Task brief
An exact retyping of every record is required.

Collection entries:
++++++

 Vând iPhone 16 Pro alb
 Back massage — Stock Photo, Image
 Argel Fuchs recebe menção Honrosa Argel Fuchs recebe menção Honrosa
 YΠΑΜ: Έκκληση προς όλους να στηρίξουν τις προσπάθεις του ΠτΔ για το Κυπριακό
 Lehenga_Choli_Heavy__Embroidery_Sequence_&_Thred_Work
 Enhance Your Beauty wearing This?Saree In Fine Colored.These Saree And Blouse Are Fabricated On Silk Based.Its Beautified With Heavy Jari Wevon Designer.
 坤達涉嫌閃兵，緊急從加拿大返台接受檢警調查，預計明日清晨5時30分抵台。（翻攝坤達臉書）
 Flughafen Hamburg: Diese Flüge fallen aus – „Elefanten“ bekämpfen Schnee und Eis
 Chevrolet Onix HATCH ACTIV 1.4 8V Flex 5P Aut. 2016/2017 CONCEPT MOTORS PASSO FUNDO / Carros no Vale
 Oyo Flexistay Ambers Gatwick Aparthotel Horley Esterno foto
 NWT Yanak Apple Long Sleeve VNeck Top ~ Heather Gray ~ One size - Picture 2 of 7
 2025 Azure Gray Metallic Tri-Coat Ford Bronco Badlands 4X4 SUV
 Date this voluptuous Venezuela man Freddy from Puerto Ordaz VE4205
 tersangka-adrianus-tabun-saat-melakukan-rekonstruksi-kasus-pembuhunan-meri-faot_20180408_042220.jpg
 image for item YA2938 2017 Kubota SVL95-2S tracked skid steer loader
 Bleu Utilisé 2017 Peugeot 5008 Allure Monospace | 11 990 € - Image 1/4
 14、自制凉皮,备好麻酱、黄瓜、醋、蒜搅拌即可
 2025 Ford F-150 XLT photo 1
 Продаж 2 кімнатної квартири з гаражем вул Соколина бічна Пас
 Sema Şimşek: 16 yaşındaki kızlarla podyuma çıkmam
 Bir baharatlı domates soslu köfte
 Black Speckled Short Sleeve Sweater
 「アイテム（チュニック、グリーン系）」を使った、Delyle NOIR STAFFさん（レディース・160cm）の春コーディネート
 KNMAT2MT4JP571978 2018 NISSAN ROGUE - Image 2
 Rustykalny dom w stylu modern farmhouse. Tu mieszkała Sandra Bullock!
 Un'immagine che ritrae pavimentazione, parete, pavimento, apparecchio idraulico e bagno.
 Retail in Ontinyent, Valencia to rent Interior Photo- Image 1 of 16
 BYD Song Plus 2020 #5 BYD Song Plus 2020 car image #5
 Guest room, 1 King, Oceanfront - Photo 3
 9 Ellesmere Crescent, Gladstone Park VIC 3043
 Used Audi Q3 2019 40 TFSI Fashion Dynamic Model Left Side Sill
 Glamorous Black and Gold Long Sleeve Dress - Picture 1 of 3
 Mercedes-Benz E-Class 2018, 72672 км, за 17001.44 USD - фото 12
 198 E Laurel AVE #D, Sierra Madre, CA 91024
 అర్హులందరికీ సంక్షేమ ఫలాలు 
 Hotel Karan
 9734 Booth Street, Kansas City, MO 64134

++++++

Result of the exercise
 Vând iPhone 16 Pro alb
 Back massage — Stock Photo, Image
 Argel Fuchs recebe menção Honrosa Argel Fuchs recebe menção Honrosa
 YΠΑΜ: Έκκληση προς όλους να στηρίξουν τις προσπάθεις του ΠτΔ για το Κυπριακό
 Lehenga_Choli_Heavy__Embroidery_Sequence_&_Thred_Work
 Enhance Your Beauty wearing This?Saree In Fine Colored.These Saree And Blouse Are Fabricated On Silk Based.Its Beautified With Heavy Jari Wevon Designer.
 坤達涉嫌閃兵，緊急從加拿大返台接受檢警調查，預計明日清晨5時30分抵台。（翻攝坤達臉書）
 Flughafen Hamburg: Diese Flüge fallen aus – „Elefanten“ bekämpfen Schnee und Eis
 Chevrolet Onix HATCH ACTIV 1.4 8V Flex 5P Aut. 2016/2017 CONCEPT MOTORS PASSO FUNDO / Carros no Vale
 Oyo Flexistay Ambers Gatwick Aparthotel Horley Esterno foto
 NWT Yanak Apple Long Sleeve VNeck Top ~ Heather Gray ~ One size - Picture 2 of 7
 2025 Azure Gray Metallic Tri-Coat Ford Bronco Badlands 4X4 SUV
 Date this voluptuous Venezuela man Freddy from Puerto Ordaz VE4205
 tersangka-adrianus-tabun-saat-melakukan-rekonstruksi-kasus-pembuhunan-meri-faot_20180408_042220.jpg
 image for item YA2938 2017 Kubota SVL95-2S tracked skid steer loader
 Bleu Utilisé 2017 Peugeot 5008 Allure Monospace | 11 990 € - Image 1/4
 14、自制凉皮,备好麻酱、黄瓜、醋、蒜搅拌即可
 2025 Ford F-150 XLT photo 1
 Продаж 2 кімнатної квартири з гаражем вул Соколина бічна Пас
 Sema Şimşek: 16 yaşındaki kızlarla podyuma çıkmam
 Bir baharatlı domates soslu köfte
 Black Speckled Short Sleeve Sweater
 「アイテム（チュニック、グリーン系）」を使った、Delyle NOIR STAFFさん（レディース・160cm）の春コーディネート
 KNMAT2MT4JP571978 2018 NISSAN ROGUE - Image 2
 Rustykalny dom w stylu modern farmhouse. Tu mieszkała Sandra Bullock!
 Un'immagine che ritrae pavimentazione, parete, pavimento, apparecchio idraulico e bagno.
 Retail in Ontinyent, Valencia to rent Interior Photo- Image 1 of 16
 BYD Song Plus 2020 #5 BYD Song Plus 2020 car image #5
 Guest room, 1 King, Oceanfront - Photo 3
 9 Ellesmere Crescent, Gladstone Park VIC 3043
 Used Audi Q3 2019 40 TFSI Fashion Dynamic Model Left Side Sill
 Glamorous Black and Gold Long Sleeve Dress - Picture 1 of 3
 Mercedes-Benz E-Class 2018, 72672 км, за 17001.44 USD - фото 12
 198 E Laurel AVE #D, Sierra Madre, CA 91024
 అర్హులందరికీ సంక్షేమ ఫలాలు 
 Hotel Karan
 9734 Booth Street, Kansas City, MO 64134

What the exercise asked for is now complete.